Despite the prospective advantages of the mechanical intense needling method over the hydro-dynamical, water entanglement remains the most important production method for low area weights and the highest production capacity and is also offered by the Dilo Group as general contractor in cooperation with partner companies.
Fibre Pulp
Fibrous material in nonwovens, and particularly used clothes, can be successfully recycled if staple length can be conserved in the tearing process. In the classical tearing process, staple lengths are dramatically reduced and therefore these fibres can only be used as base material for inferior uses in thermal or acoustic insulation or in protective textiles, transportation or protective covers etc.
When recycling textile waste in the context of the collection of used clothes, the so called “filament-saving” tearing using special tearing machines and methods must be used to produce fibres with longer staple lengths which can be fed to a nonwoven installation.

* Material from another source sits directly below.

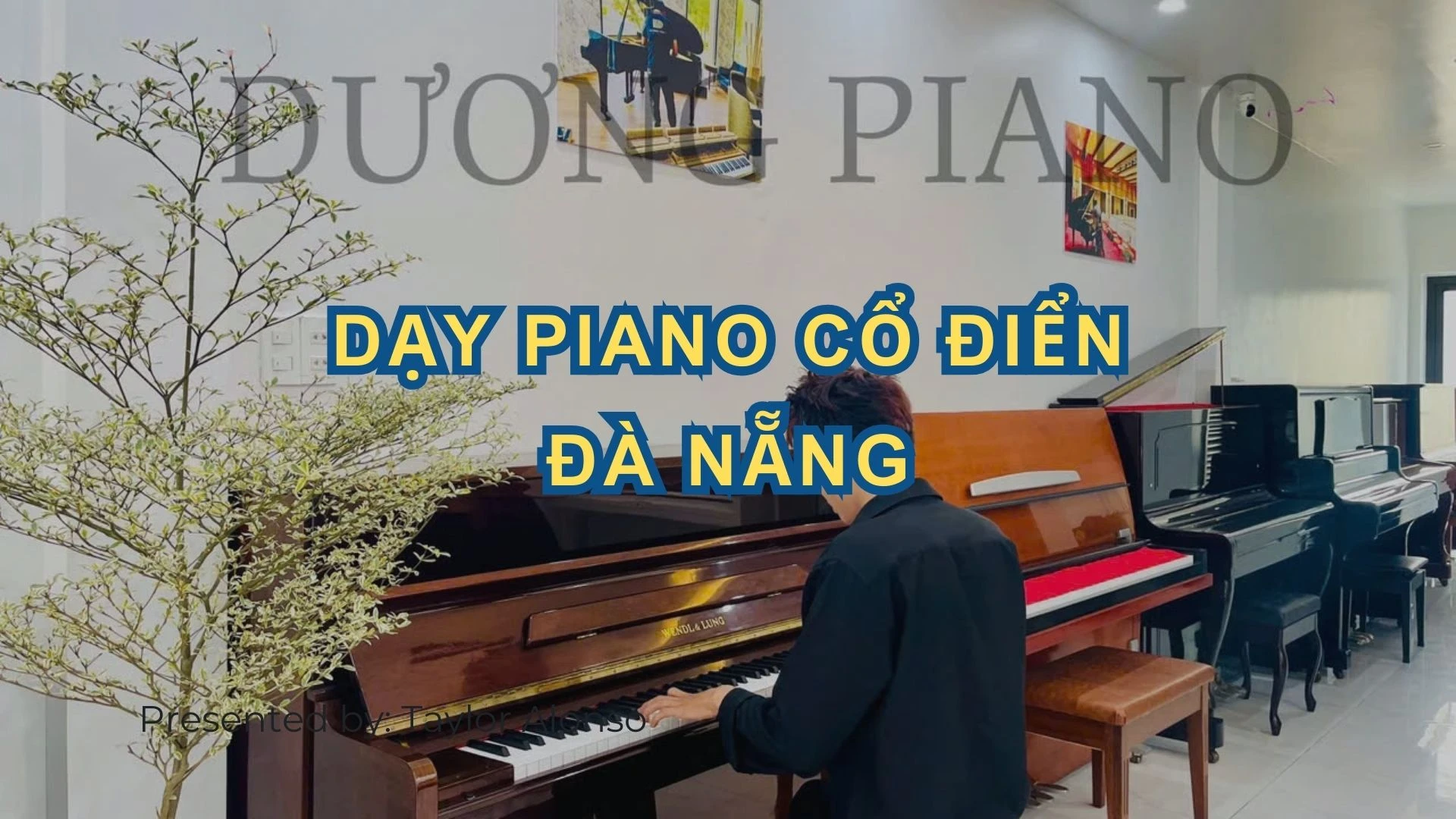 dạy piano cổ điển đà nẵng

Hence product characteristics can be better specified and controlled.
Additive
The additive production method of the “3D-Lofter” is especially suited for automotive parts with differently distributed masses but there may also be potential for increasing uses in the sector of apparel and shoe production.
IsoFeed-card feeding
In the field of card feeding, the IsoFeed method offers great potential for a more homogeneous card feeding at the same time reducing the variation in cross-machine fibre mass distribution and therefore the fibre consumption while conserving the end product quality.
At the show, DiloGroup will discuss each of the the above mentioned needling technology developments as well as the latest modules for Industry 4.0 applications for further digitalization.